Lo que dice el margen
Cinco días antes del anuncio, Natural News publicó una nota que no habla de Anthropic ni de Theseus: habla de los centros de datos de inteligencia artificial en general. Según la lectura que propone ese sitio, ya consumen el 4,4 por ciento de la electricidad de Estados Unidos y van camino al 12 por ciento para 2030, con unos 800 proyectos de esa escala en marcha y 200 gigavatios de demanda planificada entre todos.
- Una sola planta en Utah, de 40.000 acres, podría consumir más electricidad que todo ese estado.
- La misma planta usaría casi 17.000 millones de galones de agua al año.

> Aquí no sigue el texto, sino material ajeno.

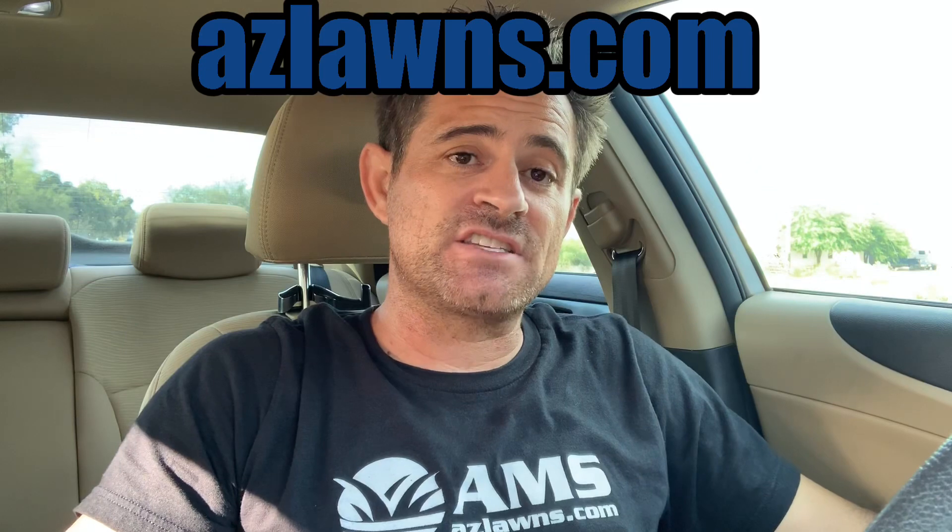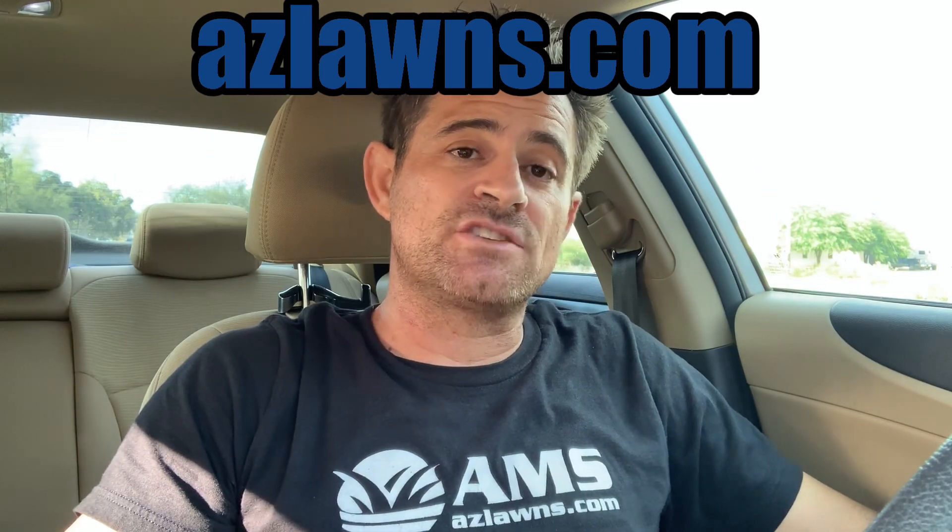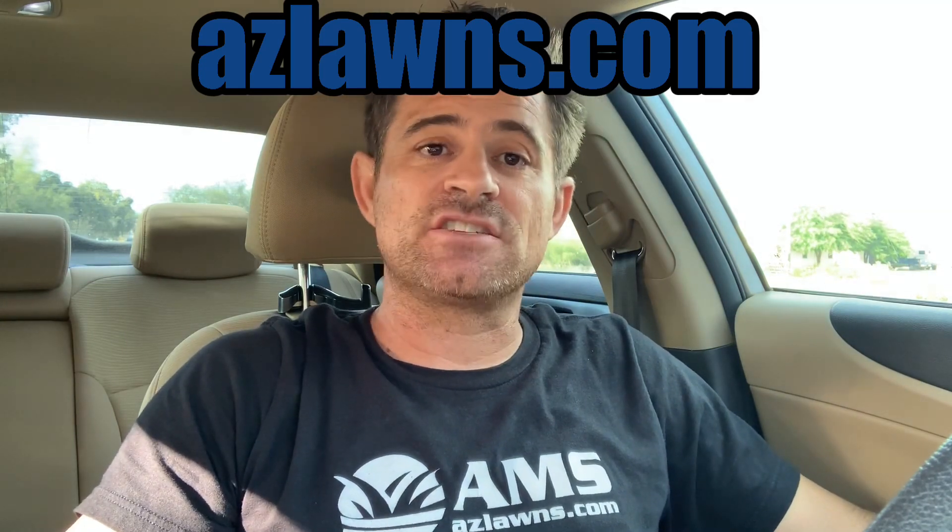Once again, my name is Eli Hall. I am with AMS Landscaping out of Phoenix, Arizona. If you have any other questions, feel free to contact us at azlawns.com. Please subscribe to our YouTube page and our Facebook page at AMSLandscaping. Also, if you're on Instagram or Twitter, follow us there at azlawns. Make it a great day.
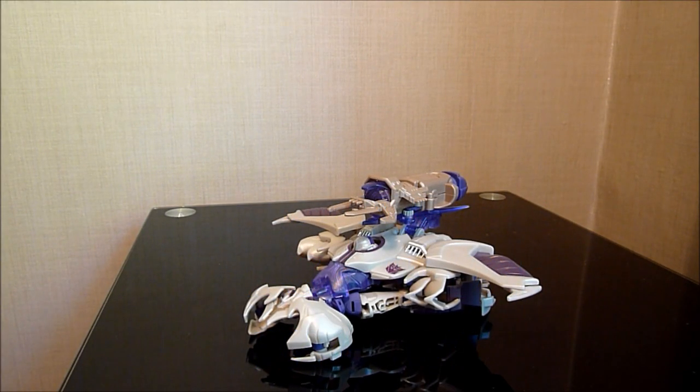Hello there everybody, this is Graham, also known as the Collector75, and welcome to another Transformers review. For this one, I am doing my first Transformers Prime review.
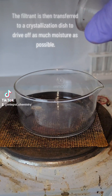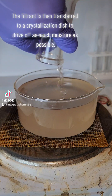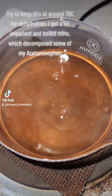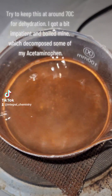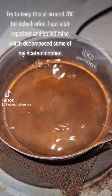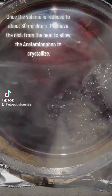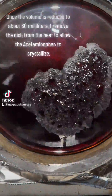The filtrate is then transferred to a crystallization dish to drive off as much moisture as possible. Try to keep this at around 70°C for dehydration. I got a bit impatient and boiled mine, which decomposed some of my acetaminophen. Once the volume is reduced to about 60 ml, I remove the dish from the heat to allow the acetaminophen to crystallize.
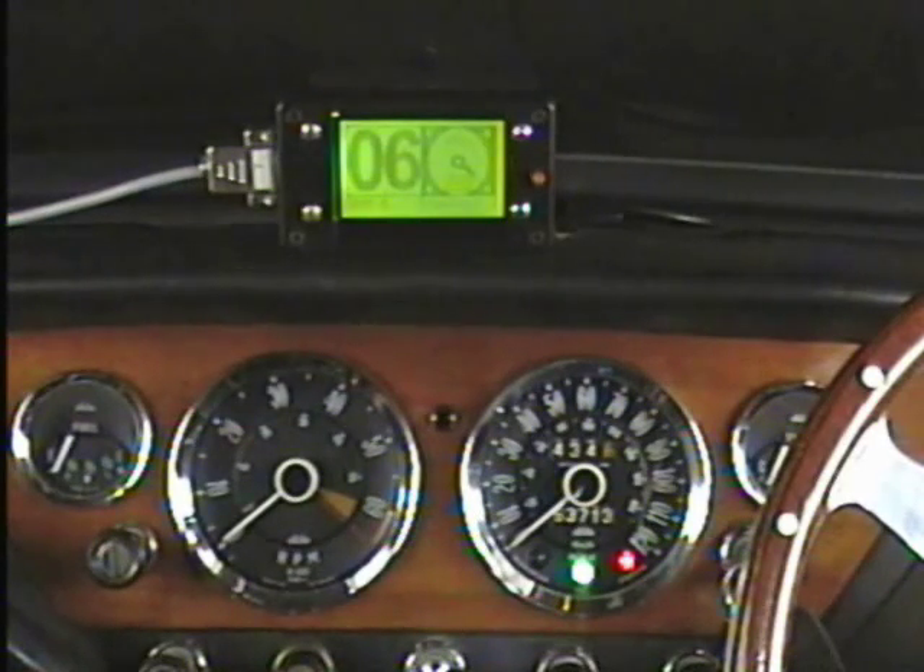Before I start the engine for the purpose of this test, I have reduced the MegaJolt gear shift point to 2500 RPM so you can see the shift light working.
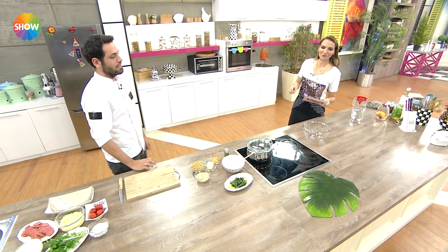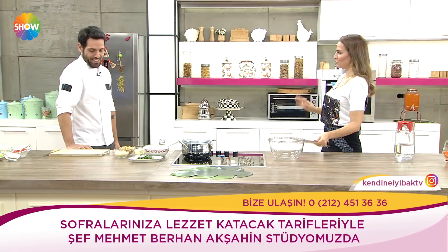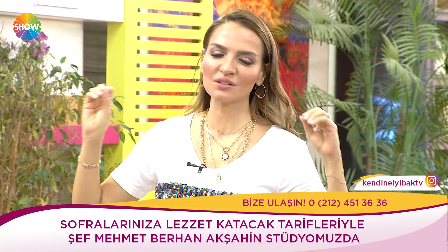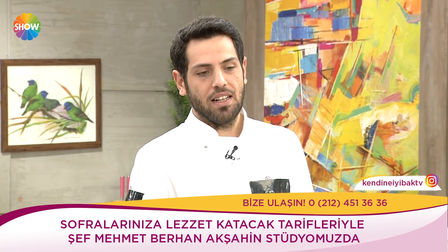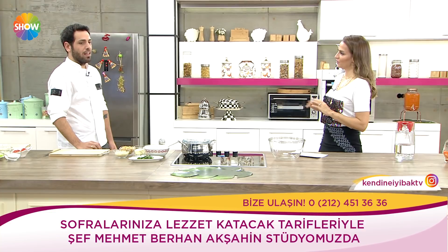Şef Berhan Akşahin, hoş geldiniz. Siz bir şef olarak güne nasıl başlıyorsunuz? Kesinlikle kalkar kalkmaz önce bir bardak ılık su içiyorum. Limonlu ve özellikle içerisinde tarçın veya zencefil atmaya çalışıyorum. Bir gün birine, bir gün birini atmayı tercih ediyorum.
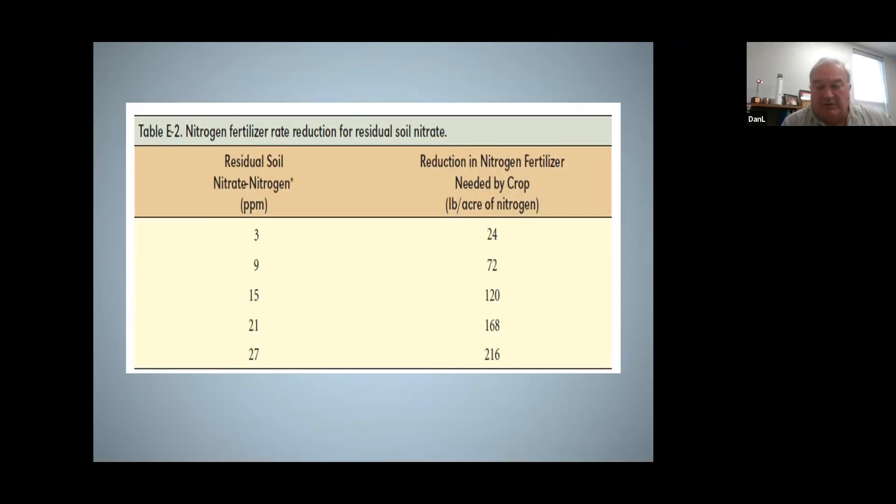When you go to read a soil test after you've taken a test for nitrate nitrogen, it'll give you your amount of nitrate nitrogen left over in parts per million. If you want to know what that is in pounds of leftover nitrogen, you just take your parts per million times eight. That'll give you your pounds of carryover nitrate nitrogen.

- Más de 300 ciudades y condados ya votaron prohibiciones o moratorias a nuevos centros.
La frase que cierra esa nota es la que no dejo de repensar:
"A ninguno de nosotros nos pidieron permiso."
El cuento
Ahí arranca la conjetura. Pensemos que Theseus no es una empresa de centros de datos, sino una empresa que administra el permiso para tener luz. Que el inquilino ancla, con el tiempo, deja de ser Anthropic y pasa a ser cualquiera que necesite lo que sobra de esa red, si es que algo sobra. Un fondo soberano no le rinde cuentas a ningún electorado. Un gestor de activos de infraestructura, tampoco. Los dos administran plata de terceros, y ahora administran, aunque sea en un rincón de Texas o del próximo sitio que elijan, la llave de la energía de gente que nunca votó por ellos.
No hace falta creer en un plan maestro para hacerse la pregunta incómoda. Alcanza con mirar quién paga la factura hoy para preguntarse quién decide, mañana, quién se queda sin luz. ¿Es Anthropic la que compra la infraestructura, o es la infraestructura la que, de a poco, empieza a comprar a Anthropic?